Ethiopian music is hip in Israel, partly thanks to Ethiopian-born Gili Yalo who with his family fled Ethiopia in 1984 to come home. Gili remembers that emotional day. As part of Operation Moses, an Israeli airlift that rescued 8,000 Jews from famine war-torn Ethiopia, the five year old arrived in the Promised Land on his father’s shoulder, singing his heart out.
Music was part of Gili from that moment on. He went on to sing in a choir for religious boys, and even toured Europe with the group as a soloist. Upon leaving school he served in one of the army’s musical bands and after completing his mandatory service became the lead singer for the Israeli reggae group, Zvuloon Dub System.

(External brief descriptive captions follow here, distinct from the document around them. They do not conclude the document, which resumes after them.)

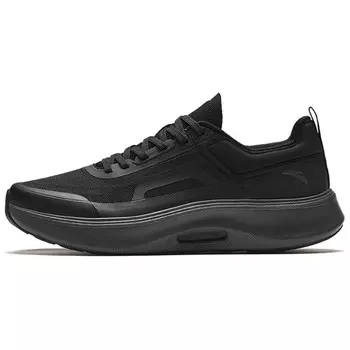 Кроссовки ANTA Divine Pro Lifestyle Shoes Men Low-top, черный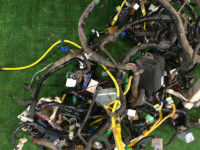 Коса SUBARU LANCASTER OEM 81200AE480, 81401AE440, 81500AE890 BHE 2000 EZ30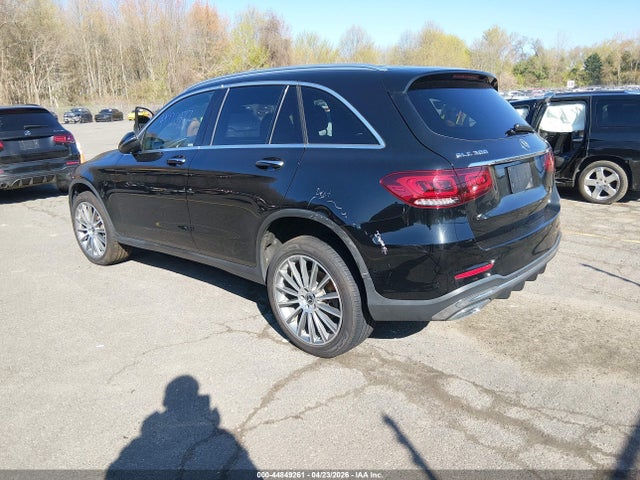 Mercedes-Benz GLC 4matic
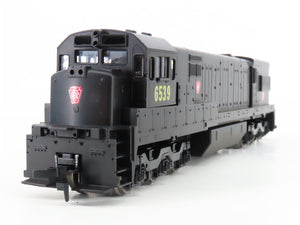 HO Scale Athearn 3463 PRR Pennsylvania U30C Diesel Locomotive #6539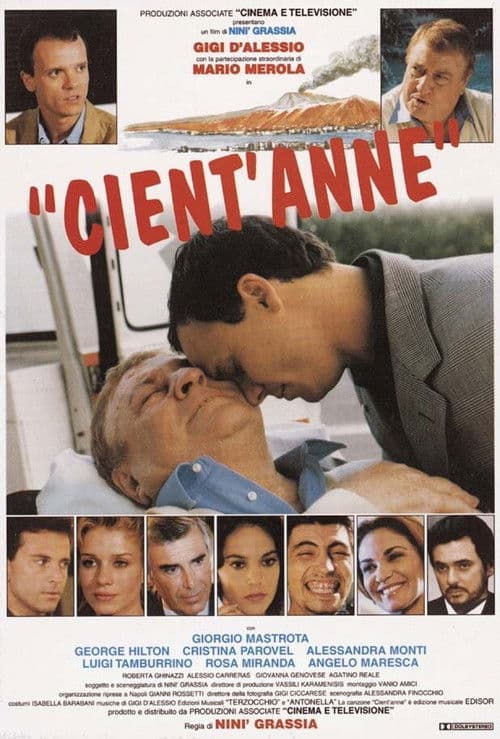 Постер: Cient'Anne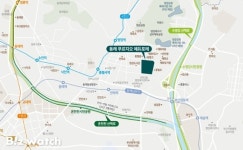 단지 앞 초·중·고…동래 푸르지오 에듀포레 내달 선봬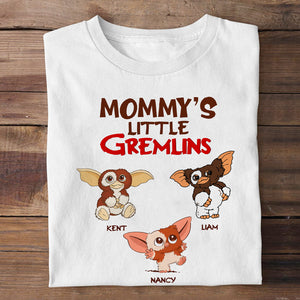 Personalized Gifts For Mom Shirt 02qhpu210324 Mother's Day - 2D Shirts - GoDuckee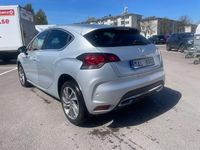Begagnad Citroën DS4 112 HK (82 kW) 2012 Silver Halvkombi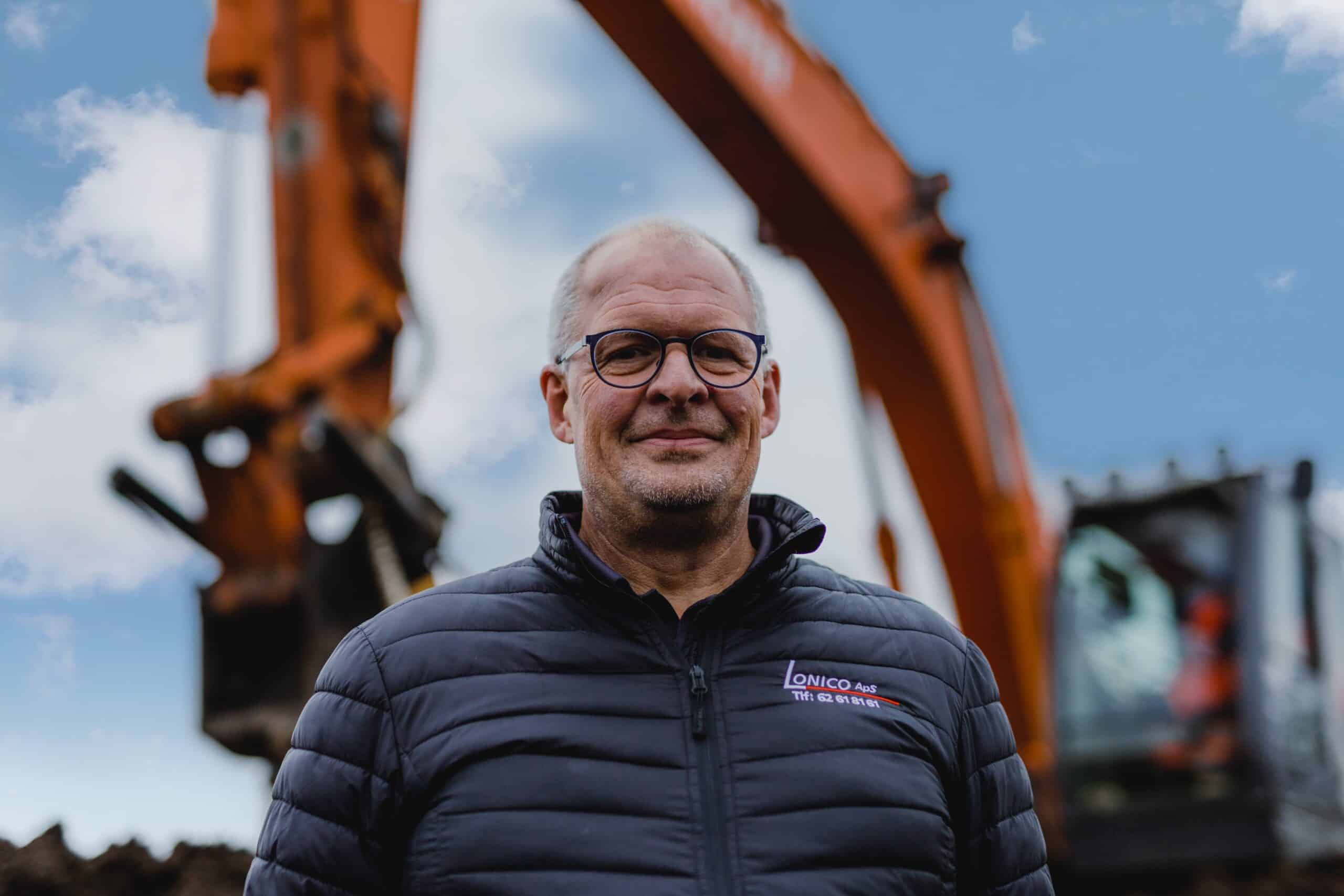 Morten Nielsen, ejer af Lono A/S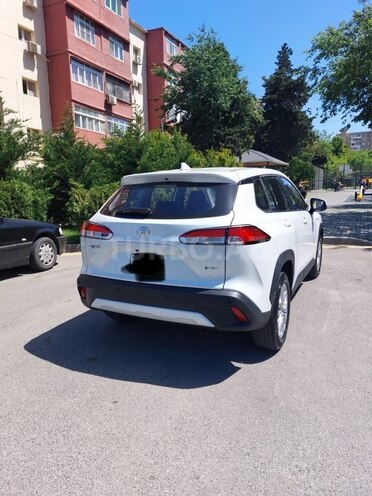 Toyota Corolla Cross 2025, 0 km - 2.0 l - Bakı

Just a few years ago, he launched his solo career from which he has never looked back.
For Gili, music is a tool he has used to channel his all-too familiar difficulties as part of the Ethiopian community, a community which has not had an easy absorption into Israel.

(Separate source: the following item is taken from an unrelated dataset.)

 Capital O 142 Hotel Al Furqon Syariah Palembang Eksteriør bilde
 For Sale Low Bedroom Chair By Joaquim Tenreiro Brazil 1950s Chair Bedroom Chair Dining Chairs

In the late-‘80s, the economy was rough, the mood low and it was not fashionable to be Ethiopian. Amharic was strange, unfamiliar and almost unheard of. It is no surprise therefore that as a kid, Gili wanted to discard everything that connected him to the Ethiopian culture. In doing so, he felt Israelis would see him as a acceptable part of society.
But this young man who so wanted to fit into Israeli culture, soon realized that Israeli culture is not homogenous after all. Israel is a nation of immigrants with one of the biggest varieties in the world of music and cuisine. Hence, he began to see his own music and culture as an integral part of Israel. Further, by embracing it, it became the gateway to his authentic identity and journey of self-discovery.
Gili poured his thoughts and feelings into his music and reconciled himself with the fact that there is no reason on earth for him to deny his Ethiopian heritage. The result is authentic, exotic and quintessentially Jewish music which he sings in Hebrew and Amharic.
His self confidence did not come easy. Gili had a fear of failure and never saw himself as a talented musician. He found it hard to believe that because he saw himself as different, that anyone should really be interested in his style, or words, or heart. It was only when he was about 30 that he began to understand that he should take his talent seriously, because other people were.
He began to write songs and explore rhythm and harmony, and adopt the “tezeta,” a musical scale dominant in Ethiopia. Gili is strengthened from the word itself because Tezeta, means memory. He sees memory in all of his songs, memories of love, parents and his African village.
Like most Ethiopian Jews who came in the 1980’s, Gili also had never encountered so many things that the West takes for granted. Many Ethiopian immigrants unashamedly tell their stories of their first encounter with the likes of a light switch, where they would play for hours with it, feeling intrigued, afraid, entertained and in awe.
But years later, the talented young man who may have once been estranged from electricity has long learned the benefits of technology. His renaissance in music that catapulted him into the public domain, happened when he uploaded a song on YouTube. It caught the ear of a mainstream radio station who played it on their show and due to such an enthusiastic response from the listeners, later invited him on the show itself. Gili never looked back. The internet, his persistence, talent and honesty have all made the massive wide-world, more accessible and inviting.